Burns weighs 230 pounds, and his shots tend to carry all of the power that might be expected of a hockey player who looks more like Ben Roethlisberger.
So with little more than two minutes remaining in the second period, when Murray could only deflect Burns' shot with his left pad and kick the rebound to Sharks winger Patrick Marleau, it wasn't the most unexpected of sequences.
Unfortunately, neither was what happened in the ensuing seconds.
Could defenseman Ben Lovejoy have secured the puck and prevented Marleau's wraparound shot? Sure.
However, Murray also could have been quicker across his goal crease to stop the shot from going into the open cage. After it did, it felt as though the Sharks had taken a big bite out of the Penguins.
Also felt like the sports world would learn a lot about Murray.
It's no secret that in America, many sports fans wait until the Cup Final to tune into hockey games on TV. It's as much of a secret as Penguins assistant general manager Jason Botterill's readiness to run his own NHL club.
After Game 1, which HBK line center Nick Bonino won with a late-regulation goal, Botterill calmly walked toward the Penguins' dressing room. I asked him about Murray's habit of being better after he gets beat.
“I can't speak for what he was like in junior (hockey),” Botterill said, “but from Day 1 in the AHL, that's been his M.O.”
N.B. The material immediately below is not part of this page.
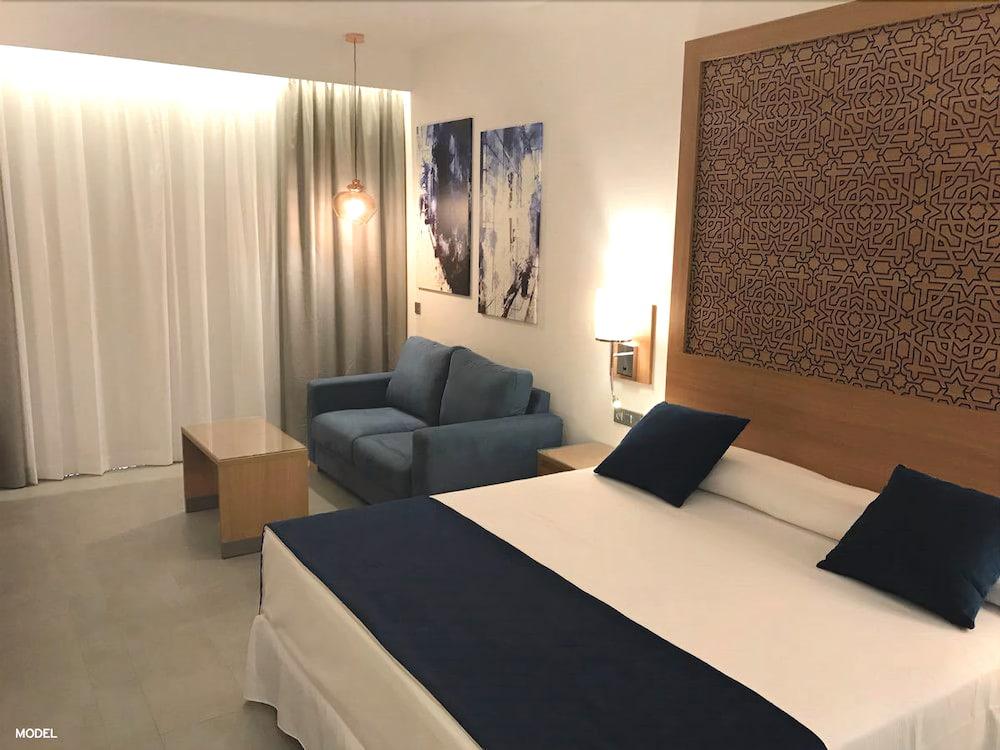 Hotel Aeroporto Nearest Landmark Aerocity Delhi Yeni Delhi Dış mekan fotoğraf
Botterill went on to recall the regular-season home opener of the Penguins' AHL affiliate, Wilkes-Barre/Scranton. In that contest against Lehigh Valley, Murray surrendered three goals in the first period. His club notched the next five, but Murray gave up the tying score early in the third period.
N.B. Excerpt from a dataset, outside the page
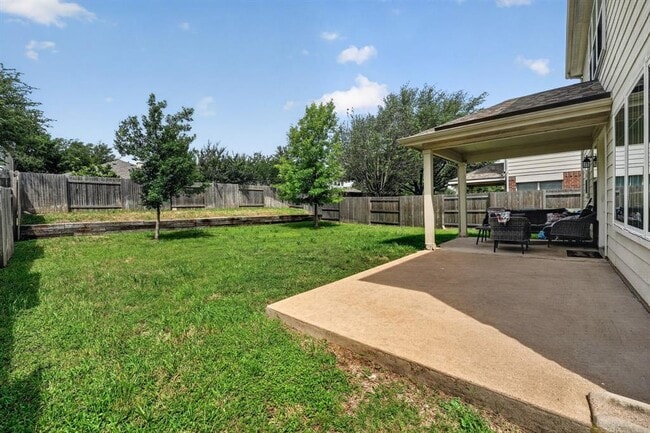 Building Photo - 816 Rusk Rd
But he never allowed Lehigh Valley to pull ahead. That afforded Wilkes-Barre/Scranton an opportunity to win that the AHL's Penguins took advantage of and won on Oct. 9.
Murray was a long way from Mohegan Sun Arena on Monday night.
San Jose's Sharks are big step up in class from Lehigh Valley's Phantoms.
Same story, though.
Against Murray, opponents often score just enough to lose. He has become a young master at the most difficult aspect of his sport's most important position.